El ser humano tiene un profundo sentido de lo trascendente que se canaliza por diversos caminos. Cada uno es libre de elegir los mismos. Y así como las personas tienen todo el derecho a expresar de forma pacífica su pensamiento, o a vivir como les plazca, tienen también el derecho a manifestar su fe. Muchas veces esa vivencia personal requiere ser exteriorizada. No importa la razón. Nadie tiene el derecho a reprimir las manifestaciones del creer, ni a pretender que las mismas se circunscriban a la más estricta intimidad.
Pensar de esa forma es anacrónico. Y fundamentalmente ese accionar está muy alejado del verdadero fundamento del pensamiento de raíz laica que debería prosperar en esta época de libertades y reconocimientos. Pensamientos decimonónicos no pueden integrar la agenda de un país de avanzada que mira para adelante. No fueron pioneros quienes alguna vez lo hicieron, la historia nos demuestra que el jacobinismo francés de progresista tenía bien poco. No es bueno repetir errores. En un mundo que ha puesto proa con rumbo firme a la inclusión, anular o reprimir al otro por sus pacíficas creencias resulta un tanto absurdo. Cuando no ilegítimo e ineficientemente voluntarista. (Valga el comentario que la ineficiencia es una de las principales características de esta ideología).

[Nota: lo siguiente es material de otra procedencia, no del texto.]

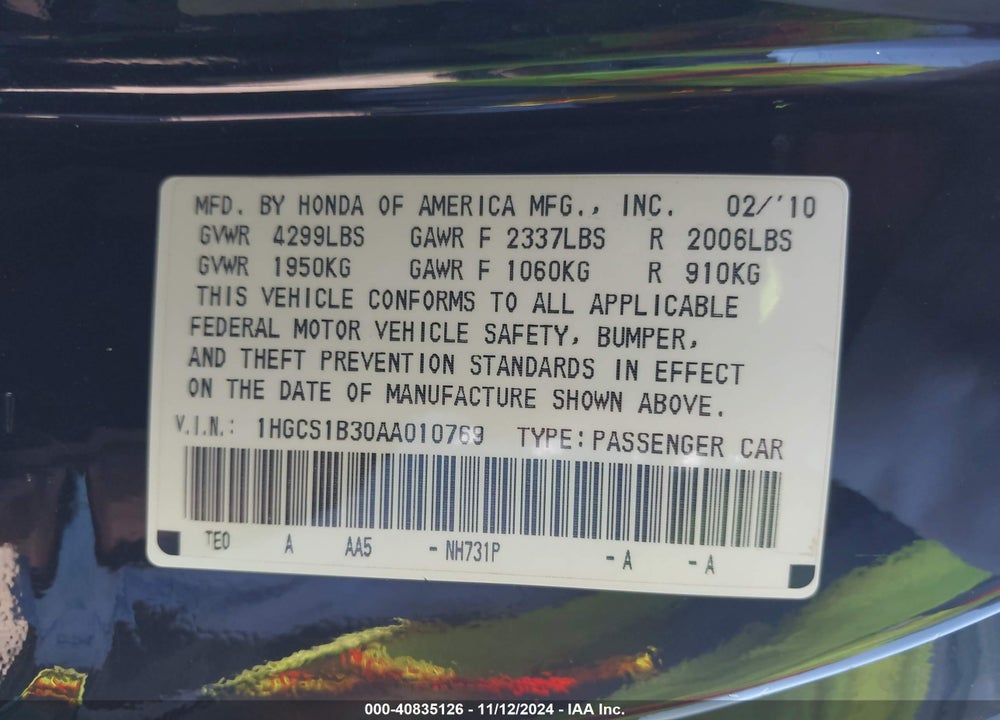 2010 HONDA ACCORD 2.4 LX-S VIN: 1HGCS1B30AA010769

Prueba de ello es que en la Rodelu de predominio laicista jacobino la Navidad nunca dejó de ser Navidad. Por más que pese. Así como el 8 de diciembre en el imaginario popular, o bien no es nada, o para muchos es la fiesta de la Inmaculada. Negar al otro nunca es bueno. Hace bien poco leía en este diario sobre un nuevo embate laicista intentando retacear derechos al que cree.

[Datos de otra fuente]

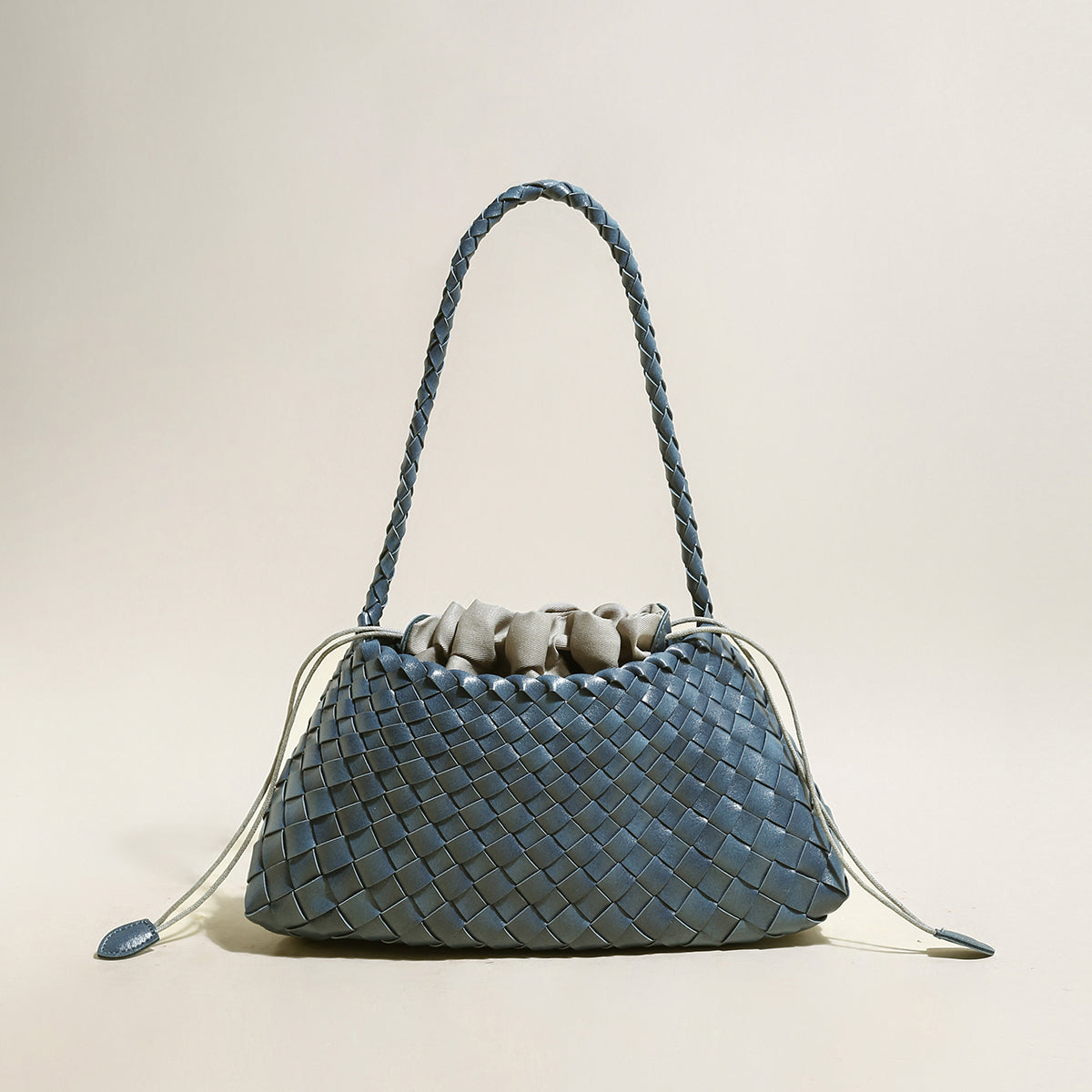 Mini Woven Trapezoid Drawstring Shoulder Bag-7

Da pena ver algo así en esta época.
La abstracción y el despojo de un espacio sin signos no debilita mi fe. Ver en cualquier espacio símbolos de otra creencia no me hace dudar de la mía ni despreciar a la otra. No entiendo por qué manifestar de la forma que sea el creer, aún con objetos alusivos, podría ser una afrenta para el que no cree. El que no cree debería estar a salvo de la “tentación de la fe”. En todo caso podría ser una ofensa para quien se oponga a determinada creencia, pero en dicha hipótesis la tolerancia y el respeto nos imponen la convivencia. Ese es nuestro modelo oriental de sociedad. Es nuestra meta mantenerlo así. Una sociedad abierta que incluye al diferente.

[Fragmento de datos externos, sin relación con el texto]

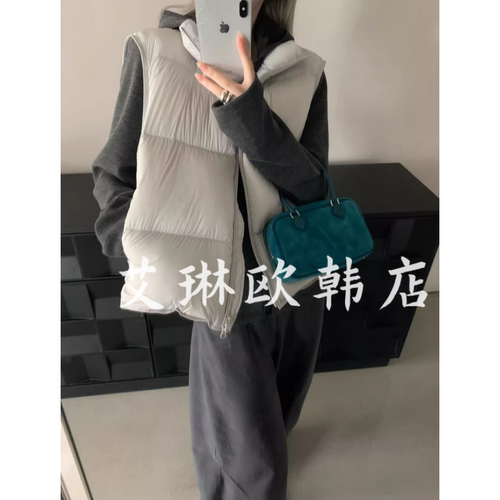 8002立领90鸭绒羽绒服马甲外套女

Y esas diferencias también se manifiestan en nuestras convicciones religiosas.
Es por esto que hay que poner fin a la intolerancia del dogma laicista. ¿Será esto quizá un síndrome achacable a nuestra juventud como nación? Porque en definitiva las sociedades se construyen con el aporte colectivo, incluso con el de las más diversas formas de entender (o no) lo religioso. Uno no comprendería a España tal como la conocemos con una sola visión. España es lo que es gracias al Cristianismo, y a la Iglesia Católica, y a quienes no creen en ella, pero también es lo que es en buena medida por la influencia del Islam y del Judaísmo. Cerrarnos a la vivencia o no vivencia trascendental propia, y mantenernos ajenos a la de otros no nos hace más grandes ni más modernos, solo nos hace más mezquinos. Lo que de verdad nos aporta es ser capaces de entender al otro, al distinto. Porque eso es lo más profundamente humano que podemos hacer. Y siendo más humanos, conectamos más con Dios, o con lo que cada uno crea o no que lo determina.
Yo, en días como estos, pienso con alegría y nostalgia en el aroma de ese pesebre.